К сожалению, на данный момент российская инновационная инфраструктура представляет собой систему, избыточную и замкнутую на себе, заинтересованную в контактах с органами государственной власти для получения преференций и финансирования. Контакты с бизнесом и научным сообществом, самими инноваторами, осуществляются по остаточному принципу.
А ведь можно обратиться к европейскому опыту, давшему прекрасные результаты.
На территории ЕС решением Европейской Комиссии была развернута сеть центров обмена инновациями, которые являются, по сути, технологическими «брокерами», презентующими инновационные разработки коммерческим компаниям.
Налоговые льготы в большинстве стран предоставляются всем инновационным стартапам, а не только резидентам технопарков, как в России (и то не всех технопарков, а лишь «Сколково»). Стремление чуть ли не насильно «согнать» инноваторов под крыши технопарков, характерное для российской системы, представляется абсолютно не конструктивным, особенно учитывая то, что технопарки у нас строятся зачастую в самых неожиданных, географически неудобных местах, и не оснащаются должным образом.
В рамках разработанного в 2003 году Европейской комиссией документа «Инвестиции в исследования: план действий», странам Евросоюза предписано не только обеспечивать финансирование инновационных разработок, но и формировать оптимальную информационную среду. Например, студенты естественнонаучных а также инженерных и бизнес- факультетов проходят обучение в области интеллектуальной собственности и трансфера технологий. Таким образом, молодые специалисты получают первичные знания о принципах коммерциализации своих будущих разработок, что дает, вкупе с развитой системой налоговых льгот, хорошую почву для технологического роста экономики.
России следовало бы взять на вооружение этот полезный опыт. Но в нашей околоинновационой среде принят иной подход, согласно которому инноваторы представляются людьми беспомощными, бизнес — априори инертным, а руководство ВУЗов — несостоятельным в вопросах коммерциализации. И, как следствие, им просто необходимы «универсальные менеджеры», заполняющие офисы институтов развития, управляющих компаний технопарков
Складывается такое впечатление, что те организации, чьим призванием является построение в стране эффективной инновационной инфраструктуры, на деле не очень заинтересованы в том, чтобы основные субъекты инновационного развития нашли пути взаимного сотрудничества, а тем более — вышли бы со своими инициативами к государству напрямую, минуя институты развития. В то же время, сами институты развития не готовы прислушиваться к реальным потребностям инновационного бизнеса, навязывая свой подход и видение ситуации.
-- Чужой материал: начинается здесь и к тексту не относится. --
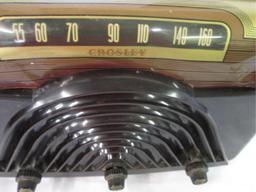 Crosley Model 9-102 Bakelite Radio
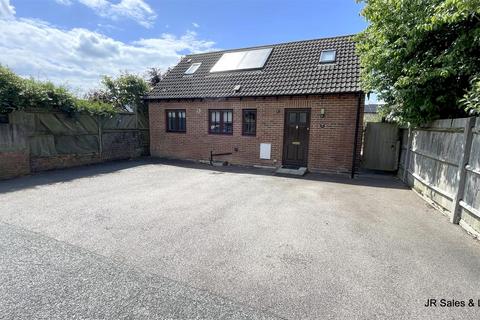 2 bedroom detached bungalow for sale, Hammondstreet Road, West Cheshunt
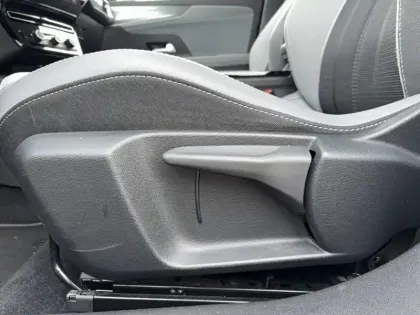 Photo 13 Opel Mokka  Electrique 136 ch & Batterie 50 kWh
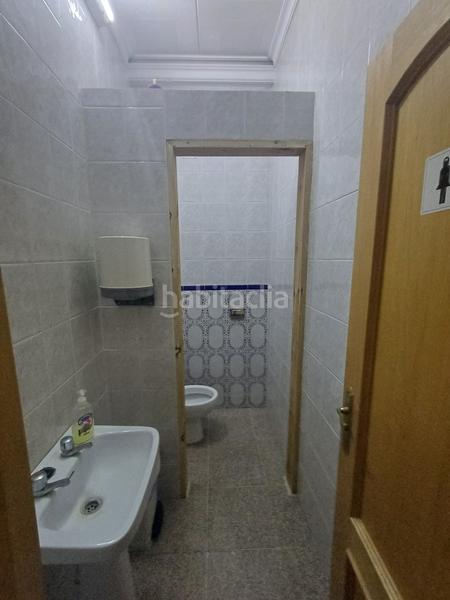 Foto def4c1e1-8ae3-46d5-81d3-961005c5aae2. Lloguer local comercial a Lillo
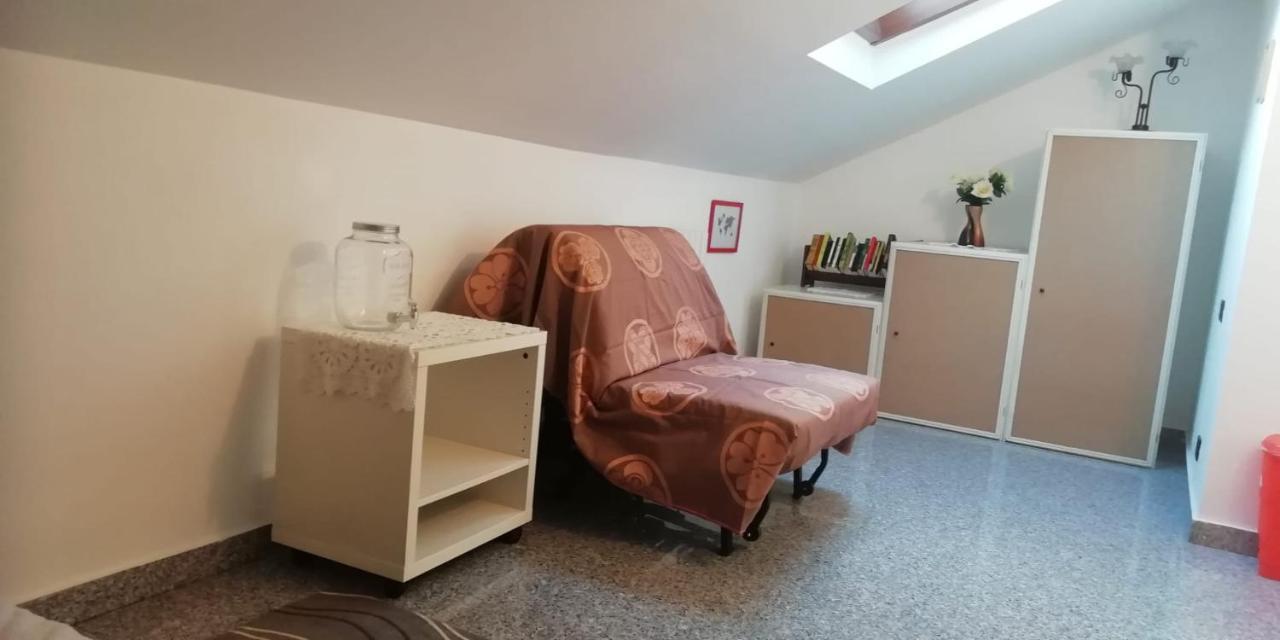 La Tua Mansarda A Bergamo Villa Eksteriør billede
Для примера: по всей стране активно строятся технопарки, в каждом регионе уже есть не по одному такому объекту, построенному на бюджетные средства. При этом, лишь несколько технопарков на всю страну действительно выполняют свои функции: как правило, это инновационные центры с большой историей, сложившиеся еще в советский период вокруг крупных ВУЗов или высокотехнологичных производств. А большая часть созданных в наши дни технопарков или стоят полупустые, или набирают в качестве резидентов обычные коммерческие компании, а не инновационные стартапы, которые далеко не всегда заинтересованы в размещении на территории технопарка. Но отказываться от этой практики или хотя бы скорректировать ее никто не спешит: ведь такой проект дает возможность региональным властям улучшить свой имидж, а ряду организаций — получить заказы на разработку концепции, методологий, и прочих сопроводительных документов, что дает не только деньги, но и повод для обоснования собственной нужности.
Создание инновационной инфраструктуры постепенно стало не средством для внедрения научных разработок в экономику, а самоцелью. Поэтому, не стоит удивляться тому, что эта инфраструктура недостаточно эффективна.